La formazione di un governo di coalizione rappresenta certamente una svolta significativa nella politica sudafricana. Mentre alcuni analisti vedono questo sviluppo come un’opportunità per un cambiamento positivo e una maggiore stabilità politica, altri avvertono delle possibili tensioni e instabilità derivanti dalle differenze ideologiche tra i partiti della coalizione.
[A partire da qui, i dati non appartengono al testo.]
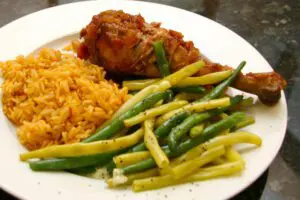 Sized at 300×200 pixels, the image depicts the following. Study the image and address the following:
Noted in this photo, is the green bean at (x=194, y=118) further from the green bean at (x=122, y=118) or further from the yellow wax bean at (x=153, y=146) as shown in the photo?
the green bean at (x=122, y=118)

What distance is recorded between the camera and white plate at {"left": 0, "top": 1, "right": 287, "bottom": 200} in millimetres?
1643

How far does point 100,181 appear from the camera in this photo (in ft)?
5.73

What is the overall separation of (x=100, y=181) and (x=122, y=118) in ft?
1.08

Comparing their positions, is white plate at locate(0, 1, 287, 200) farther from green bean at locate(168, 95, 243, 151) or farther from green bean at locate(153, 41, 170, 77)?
green bean at locate(153, 41, 170, 77)

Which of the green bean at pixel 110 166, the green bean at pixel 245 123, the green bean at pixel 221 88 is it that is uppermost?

Oltre alle questioni interne, poi, bisognerà capire se il nuovo governo manterrà la propria posizione in materia di politica estera, vista ad esempio la presenza di alcuni partiti che mantengono una posizione neutrale sulla questione israeliano-palestinese, se non addirittura filoisraeliana come nel caso della PA.

A tal proposito, nell’accordo finale di coalizione, è stata inserita una clausola sulla politica estera in cui l’ANC e i suoi partner hanno concordato i principi su cui basare la politica estera. Nel documento si parla di una “politica estera basata su diritti umani, costituzionalismo, interesse nazionale, solidarietà, risoluzione pacifica dei conflitti, per raggiungere l’Agenda 2063 dell’Africa, cooperazione Sud-Sud, Nord-Sud e africana, multilateralismo e un mondo giusto, pacifico ed equo“.

Secondo Siphamandla Zondi, professore di politica e relazioni internazionali all’Università di Johannesburg, mentre l’ANC, come partito, non abbandonerà la sua posizione sulla Palestina, dovrà tuttavia scendere a compromessi sulle azioni governative. Questo potrebbe avere anche un’incidenza sulle azioni intraprese dal Sudafrica presso la Corte Internazionale di Giustizia per denunciare le azioni israeliane e il genocidio del popolo palestinese nella Striscia di Gaza.